--- STUDY MATERIAL Enclosed Below ---

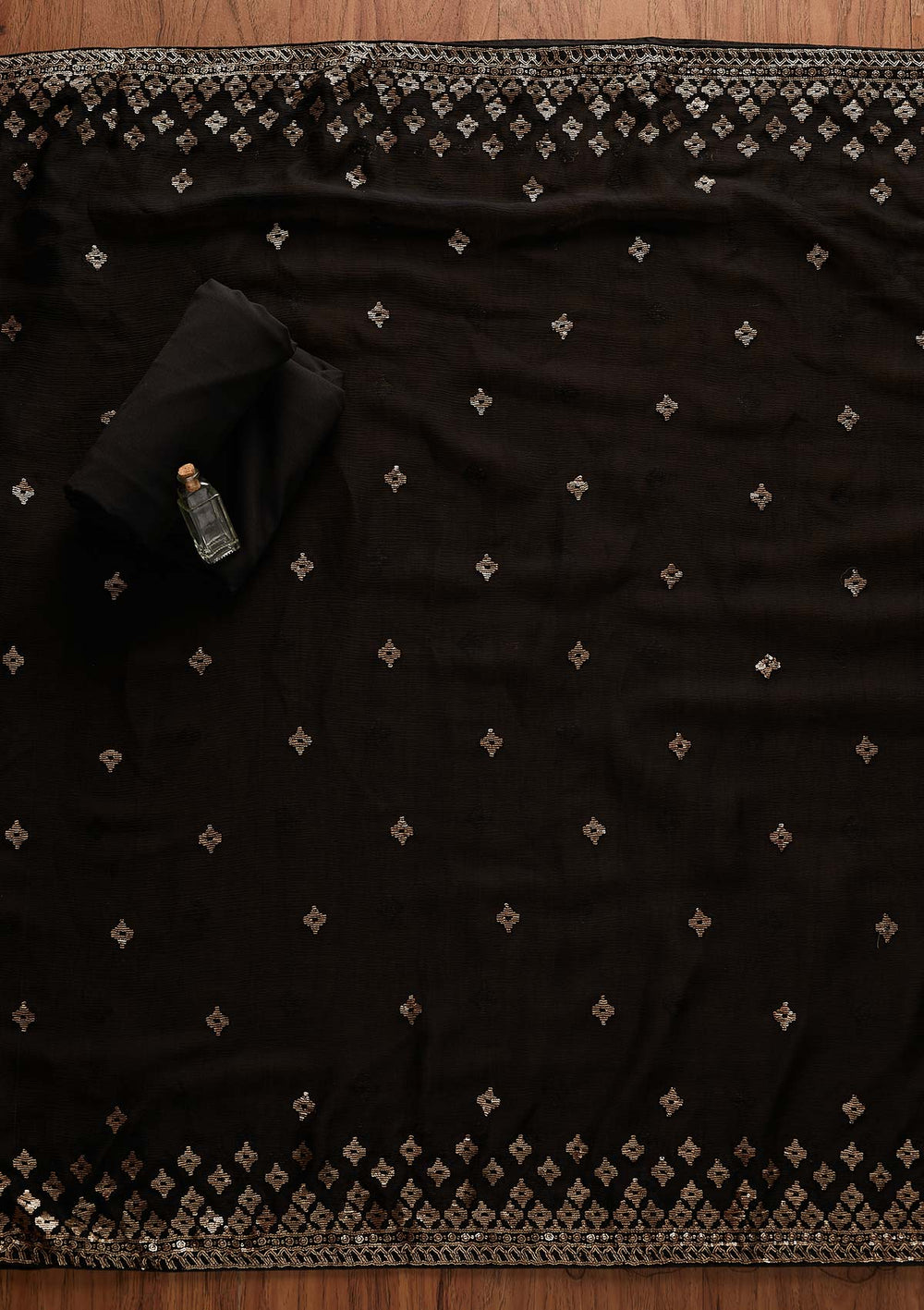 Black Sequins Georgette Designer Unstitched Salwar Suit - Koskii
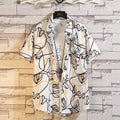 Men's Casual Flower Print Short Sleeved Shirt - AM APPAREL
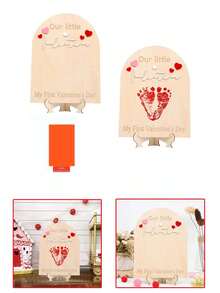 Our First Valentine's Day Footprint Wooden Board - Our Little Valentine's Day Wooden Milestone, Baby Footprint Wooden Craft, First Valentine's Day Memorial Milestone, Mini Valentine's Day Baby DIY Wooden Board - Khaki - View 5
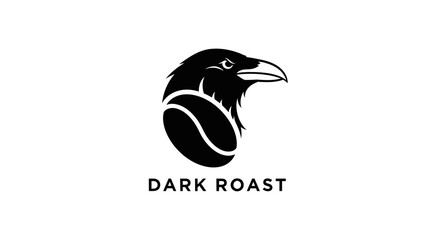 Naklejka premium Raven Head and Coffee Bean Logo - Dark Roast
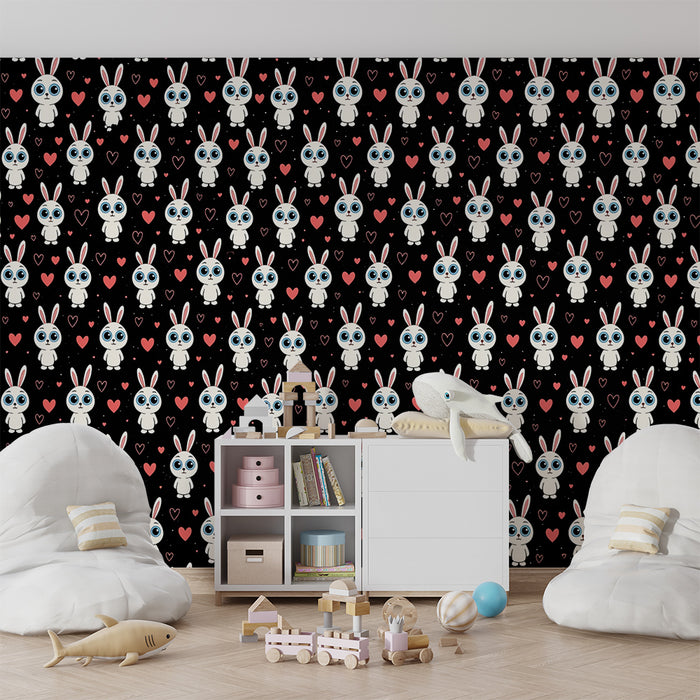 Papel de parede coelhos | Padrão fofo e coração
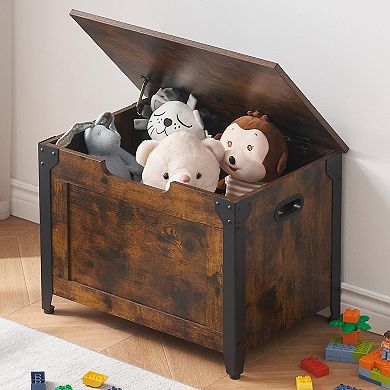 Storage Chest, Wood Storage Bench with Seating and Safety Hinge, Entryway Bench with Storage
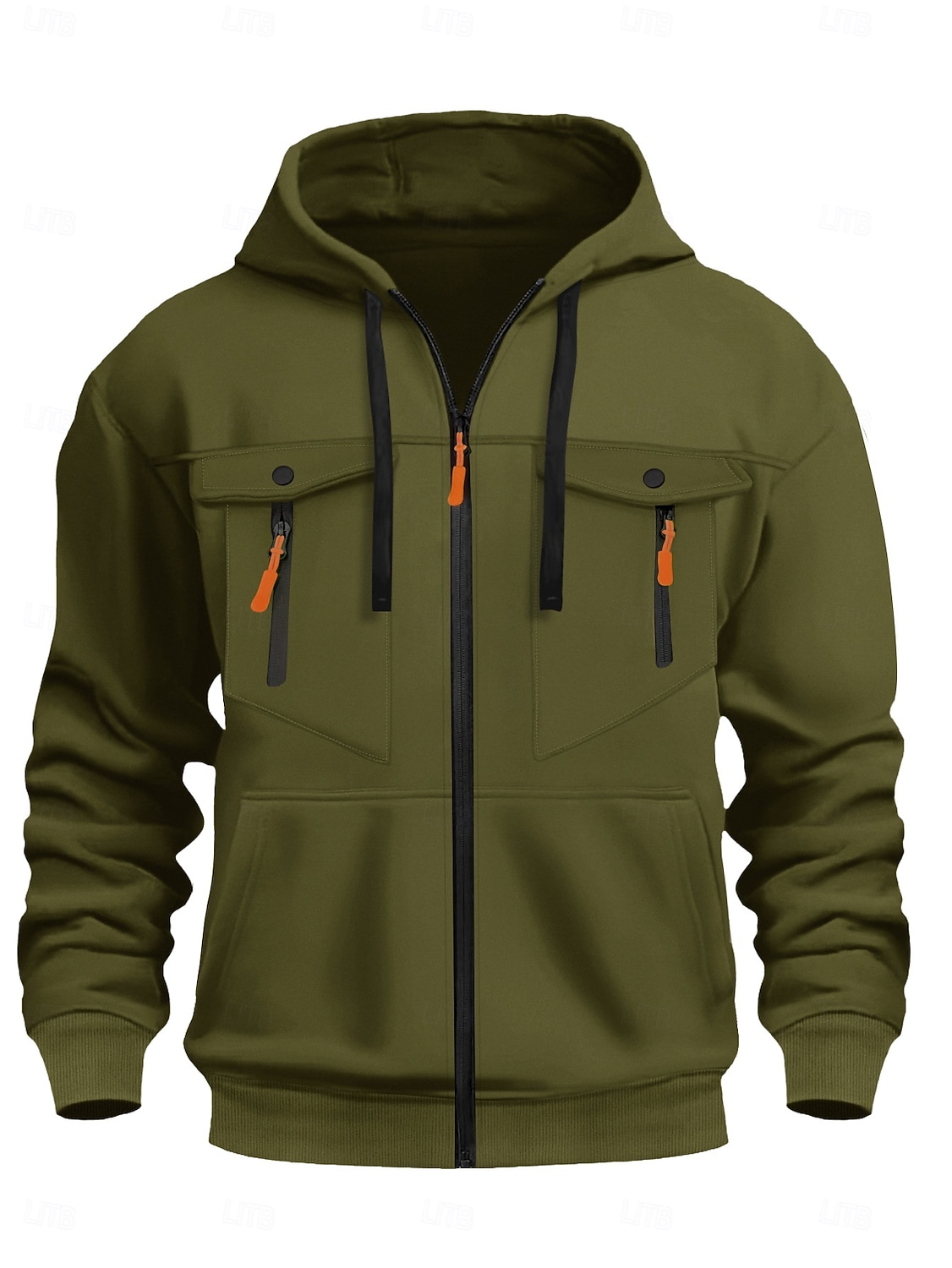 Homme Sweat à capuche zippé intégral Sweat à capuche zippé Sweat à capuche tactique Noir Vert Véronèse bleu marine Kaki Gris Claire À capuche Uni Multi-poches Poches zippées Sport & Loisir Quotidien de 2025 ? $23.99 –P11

--- End of Enclosed STUDY MATERIAL ---
--- STUDY MATERIAL Enclosed Below ---

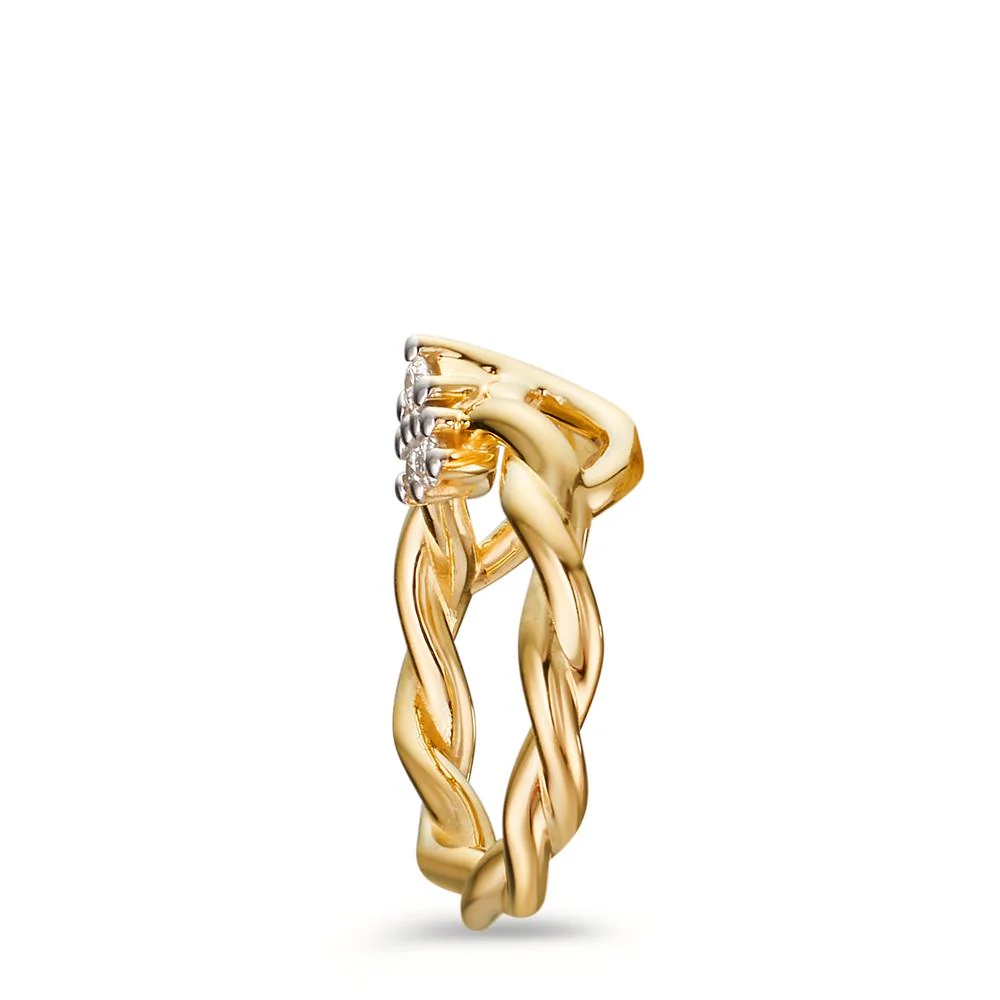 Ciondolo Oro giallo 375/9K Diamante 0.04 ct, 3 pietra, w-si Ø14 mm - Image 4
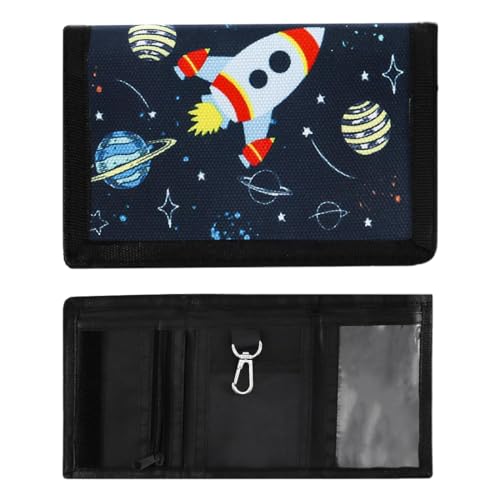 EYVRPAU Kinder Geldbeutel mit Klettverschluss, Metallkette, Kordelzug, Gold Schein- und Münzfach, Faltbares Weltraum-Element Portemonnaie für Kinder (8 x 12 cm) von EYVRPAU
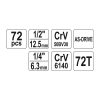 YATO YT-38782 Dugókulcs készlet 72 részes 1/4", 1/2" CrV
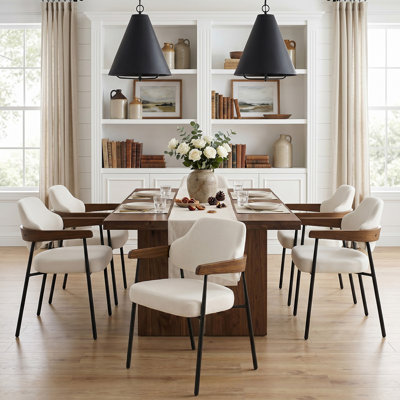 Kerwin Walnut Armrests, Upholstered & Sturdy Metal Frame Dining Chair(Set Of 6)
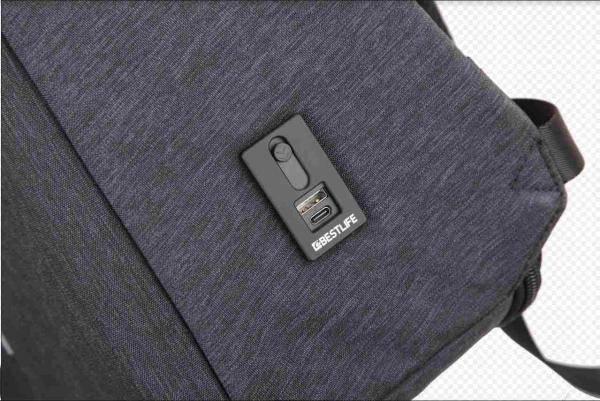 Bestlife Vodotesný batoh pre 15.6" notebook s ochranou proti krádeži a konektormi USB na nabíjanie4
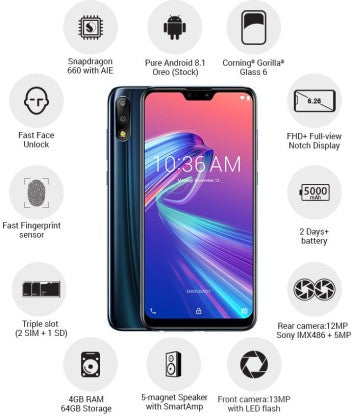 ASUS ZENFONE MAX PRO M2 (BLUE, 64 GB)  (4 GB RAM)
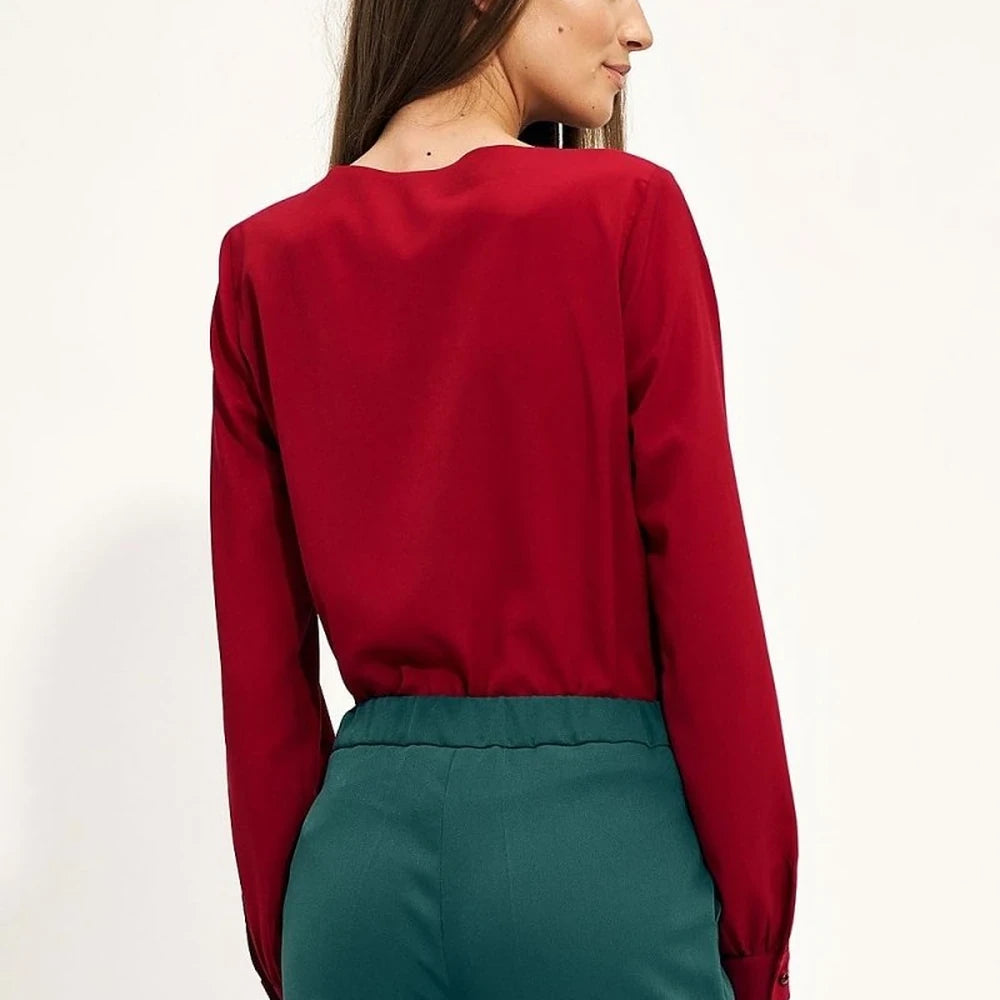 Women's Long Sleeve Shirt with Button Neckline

--- End of Enclosed STUDY MATERIAL ---

PROMPT: Copy out the listing above from the line containing "Ciondolo Oro giallo" to the line containing "YATO YT-38782 Dugókulcs", both included, exactly as written and minus the images.

COMPLETED EXERCISE:
 Ciondolo Oro giallo 375/9K Diamante 0.04 ct, 3 pietra, w-si Ø14 mm - Image 4
 EYVRPAU Kinder Geldbeutel mit Klettverschluss, Metallkette, Kordelzug, Gold Schein- und Münzfach, Faltbares Weltraum-Element Portemonnaie für Kinder (8 x 12 cm) von EYVRPAU
 YATO YT-38782 Dugókulcs készlet 72 részes 1/4", 1/2" CrV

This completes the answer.